While less likely to attract the ATOs attention (as compared to red zone arrangements), these may still be subject to ATO review

Captures arrangements that do not fit within one of the other risk zones.

Red Zone

High

The ATO will prioritise conducting further analysis on the facts and circumstances of these arrangements

These arrangements are those where beneficiaries’ entitlements appear motivated by sheltering the trust’s (taxable) net income from higher rates of tax and those arrangements involving contrived elements directed at enabling someone other than the presently entitlement beneficiary to have use and enjoyment of the economic benefits of the trust net income.
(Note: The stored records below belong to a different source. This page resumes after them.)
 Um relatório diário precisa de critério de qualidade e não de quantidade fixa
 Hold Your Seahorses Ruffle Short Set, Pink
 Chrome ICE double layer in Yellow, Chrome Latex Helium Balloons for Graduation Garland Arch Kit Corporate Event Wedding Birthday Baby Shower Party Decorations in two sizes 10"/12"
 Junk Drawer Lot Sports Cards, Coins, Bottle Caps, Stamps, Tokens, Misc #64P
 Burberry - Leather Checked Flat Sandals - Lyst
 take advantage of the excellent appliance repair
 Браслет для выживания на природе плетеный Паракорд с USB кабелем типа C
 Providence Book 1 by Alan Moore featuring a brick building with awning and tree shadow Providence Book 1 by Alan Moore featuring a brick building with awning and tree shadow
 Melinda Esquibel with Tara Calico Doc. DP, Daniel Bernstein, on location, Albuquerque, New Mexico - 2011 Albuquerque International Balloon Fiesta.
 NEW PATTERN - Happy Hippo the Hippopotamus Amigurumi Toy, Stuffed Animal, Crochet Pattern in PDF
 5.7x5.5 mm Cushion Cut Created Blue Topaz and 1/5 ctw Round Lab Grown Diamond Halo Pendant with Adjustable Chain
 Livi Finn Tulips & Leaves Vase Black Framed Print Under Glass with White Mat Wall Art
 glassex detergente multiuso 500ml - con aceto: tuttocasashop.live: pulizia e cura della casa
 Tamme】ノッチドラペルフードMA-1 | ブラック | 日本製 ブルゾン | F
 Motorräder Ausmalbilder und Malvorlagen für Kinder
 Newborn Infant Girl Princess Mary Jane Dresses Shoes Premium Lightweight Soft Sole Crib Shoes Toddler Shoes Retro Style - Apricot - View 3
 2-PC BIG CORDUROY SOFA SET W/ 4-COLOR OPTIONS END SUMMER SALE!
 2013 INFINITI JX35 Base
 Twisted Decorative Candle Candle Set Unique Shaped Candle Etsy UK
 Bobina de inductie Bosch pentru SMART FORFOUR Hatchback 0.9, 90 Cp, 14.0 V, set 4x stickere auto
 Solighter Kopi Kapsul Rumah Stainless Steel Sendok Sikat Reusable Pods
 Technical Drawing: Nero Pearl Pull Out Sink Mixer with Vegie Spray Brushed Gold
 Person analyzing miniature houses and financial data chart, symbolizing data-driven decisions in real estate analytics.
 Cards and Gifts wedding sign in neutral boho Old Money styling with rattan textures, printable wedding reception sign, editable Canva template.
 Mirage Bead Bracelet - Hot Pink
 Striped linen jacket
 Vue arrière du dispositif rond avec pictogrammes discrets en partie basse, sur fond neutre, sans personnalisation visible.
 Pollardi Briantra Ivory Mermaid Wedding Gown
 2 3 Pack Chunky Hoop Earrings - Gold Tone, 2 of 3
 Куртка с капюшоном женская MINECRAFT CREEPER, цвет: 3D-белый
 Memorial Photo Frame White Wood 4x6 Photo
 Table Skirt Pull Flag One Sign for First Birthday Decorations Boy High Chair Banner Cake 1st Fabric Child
The ATO provides a number of examples of what the ATO considers are “Red Zone” arrangements:

  • Expense funding arrangements: the entitlement (whole or part) of an adult beneficiary is paid to parent/caregiver or applied against a debit account balance for the beneficiary by the trustee, in connection with expenses incurred before the beneficiary turned 18 years of age.
  • Gift/Loan arrangements: where a gift or loan made by beneficiary to parent or caregiver (or if the beneficiary is non-resident where this gift or loan is made to any other party).
  • Back-to-back arrangements: where a trustee of a trust owns shares in a private company and that company is also a beneficiary of the trust who receives distributions from and makes fully franked distributions to the trustee, which is repeated in subsequent years (consistent with the 2014 guidance).
  • Set-Off arrangements: where a trustee sets-off a beneficiary’s unpaid present entitlement with an amount the trustee is owed for the subscription for units and the subscription price is greater than their market value or trust deed provides for a unilateral right for trustee to issue new units in satisfaction of any unpaid present entitlement.
  • Income mismatch arrangements: where the trust net income included in a beneficiary’s assessable income is significantly more than their entitlements to income from the trust as a result of contrivance, where the difference between the amount has been retained by someone other than the presently entitled beneficiary and the tax paid by the beneficiary is significantly less than the tax paid by the entity that retains the difference.
  • Utilisation of losses arrangements: where the taxable income /net capital gain is less than the trust net income / trust capital gains included in the beneficiary’s assessable income and a reasonable person would conclude the beneficiary was made entitled to utilise their deductions or capital losses and the economic benefit associated with the trust net income is utilised by the trustee or an entity other than the beneficiary.
  • Taxpayer Alert arrangements: any arrangements that the Commissioner has expressed a concern that section 100A applies, in a previous Taxpayer Alert (e.g. Taxpayer Alert TA 2016/12).

The combined effect of the 100A Guidance is to provide the Commissioner’s view on the application of section 100A. However, the resulting draft guidance documents provide a limited framework and rather provides extensive examples to establish where the Commissioner has concerns. Given the breadth of the examples in the Guideline, we would recommend that taxpayers analyse their trust arrangements (and mechanisms in trust deeds) to assess the risk category (pursuant to the risk matrix) of any arrangements on foot.

References

[1] For further details about the other alerts seethe KWM Tax Alert on Division 7A: UPE and Sub-Trusts (here).

[2] Media release:  The Honourable Michael Sukkar: Assistant Treasurer; “Certainty and Stability for Family Trusts”

[3] Provided that the beneficiary is over 18 years of age.